I want to plot multiple time-series variables in the same plot so that I can see how the time series lags line up. I will have a few different plots for different groups of data, and each of those plots will represent a different group of data, although each plot will have variables with the same name.
I could do it individually, one variable at a time. But I have like a hundred variables.
Here is an example of my dataset where lag
is the lag point (from the ccf()
) and each var
is the ACF of a different variable at that lag point.
sampledf <- data.frame(
lag = -10:10,
var1 = rnorm(21),
var2 = rnorm(21),
var3 = rnorm(21)
)
Now I could plot them fairly easily like this:
plot(sampledf$lag,
sampledf$var1,
type = "l",
col = 1,
xlab = "Lag",
ylab = "ACF")
lines(sampledf$lag,
sampledf$var2,
type = "l",
col = 2)
lines(sampledf$lag,
sampledf$var3,
type = "l",
col = 3)
legend("topright",
c("Var1", "Var2", "Var3"),
lty = 1,
col = 1:3)
But then I am doing each variable manually. And if I wanted to view the correlations in a different way-for example, one plot with var1
from each of sampledf1
, sampledf2
, through sampledf20
, I would have to start all over.
Is there a way to automate this in fewer lines of code? This is just beyond my level of R programming but I realise this probably has something to do with functions and things (R is mainly a "stats" tool in my work).
I'm also open to different functions to view cross-correlations in different ways if there's a completely different (yet easier) way to achieve this.

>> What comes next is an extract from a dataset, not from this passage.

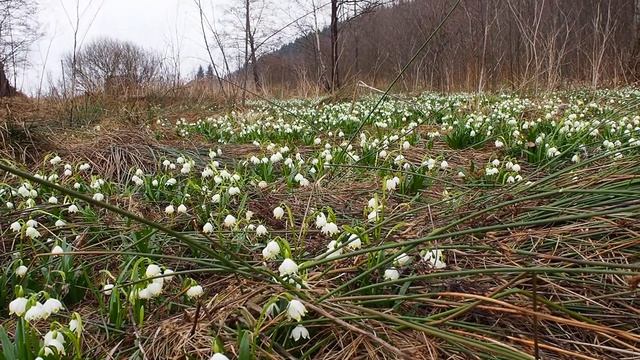 С.Підлісся.Рожнятівський район.Підсніжники,ліс,весна смотреть онлайн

You will likely very quickly run out of colors, but you can do this:
plot(sampledf$lag,
sampledf$var1,
type = "n",
col = 1,
xlab = "Lag",
ylab = "ACF")
Map(function(y, col) lines(sampledf$lag, y, col=col, type="l"),
sampledf[,-1], seq_len(ncol(sampledf)-1))
legend("topright",
c("Var1", "Var2", "Var3"),
lty = 1,
col = 1:3)
This works much better in a "long" format.
library(ggplot2)
tidyr::pivot_longer(sampledf, -lag) |>
ggplot(aes(lag, value, color = name, group = name)) +
geom_line()